(WHAT YOU SHOULD DO): Write out again the entries from the first line to the line that includes "Ahheyie 1080p wearable", keeping both of those lines.
BEGIN DATA
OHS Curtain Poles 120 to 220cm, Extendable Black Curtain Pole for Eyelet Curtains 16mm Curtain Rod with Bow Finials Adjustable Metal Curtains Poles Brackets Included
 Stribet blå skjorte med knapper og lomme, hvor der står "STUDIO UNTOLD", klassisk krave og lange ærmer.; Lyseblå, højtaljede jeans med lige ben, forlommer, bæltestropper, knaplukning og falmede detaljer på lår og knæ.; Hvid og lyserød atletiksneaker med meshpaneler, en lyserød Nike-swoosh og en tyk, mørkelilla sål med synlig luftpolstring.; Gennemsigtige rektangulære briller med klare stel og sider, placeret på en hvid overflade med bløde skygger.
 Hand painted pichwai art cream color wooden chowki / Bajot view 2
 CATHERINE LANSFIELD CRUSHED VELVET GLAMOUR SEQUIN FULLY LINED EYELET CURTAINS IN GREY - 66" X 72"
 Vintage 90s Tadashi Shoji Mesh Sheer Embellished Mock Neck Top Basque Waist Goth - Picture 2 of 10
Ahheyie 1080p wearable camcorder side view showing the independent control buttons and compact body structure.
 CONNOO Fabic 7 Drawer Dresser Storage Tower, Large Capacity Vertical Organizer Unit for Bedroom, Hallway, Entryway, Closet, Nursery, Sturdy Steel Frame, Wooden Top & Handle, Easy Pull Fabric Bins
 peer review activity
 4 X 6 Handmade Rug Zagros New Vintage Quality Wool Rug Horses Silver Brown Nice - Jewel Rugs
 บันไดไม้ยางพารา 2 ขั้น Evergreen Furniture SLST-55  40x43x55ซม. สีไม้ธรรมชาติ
END DATA
(ANSWER):
OHS Curtain Poles 120 to 220cm, Extendable Black Curtain Pole for Eyelet Curtains 16mm Curtain Rod with Bow Finials Adjustable Metal Curtains Poles Brackets Included
 Stribet blå skjorte med knapper og lomme, hvor der står "STUDIO UNTOLD", klassisk krave og lange ærmer.; Lyseblå, højtaljede jeans med lige ben, forlommer, bæltestropper, knaplukning og falmede detaljer på lår og knæ.; Hvid og lyserød atletiksneaker med meshpaneler, en lyserød Nike-swoosh og en tyk, mørkelilla sål med synlig luftpolstring.; Gennemsigtige rektangulære briller med klare stel og sider, placeret på en hvid overflade med bløde skygger.
 Hand painted pichwai art cream color wooden chowki / Bajot view 2
 CATHERINE LANSFIELD CRUSHED VELVET GLAMOUR SEQUIN FULLY LINED EYELET CURTAINS IN GREY - 66" X 72"
 Vintage 90s Tadashi Shoji Mesh Sheer Embellished Mock Neck Top Basque Waist Goth - Picture 2 of 10
Ahheyie 1080p wearable camcorder side view showing the independent control buttons and compact body structure.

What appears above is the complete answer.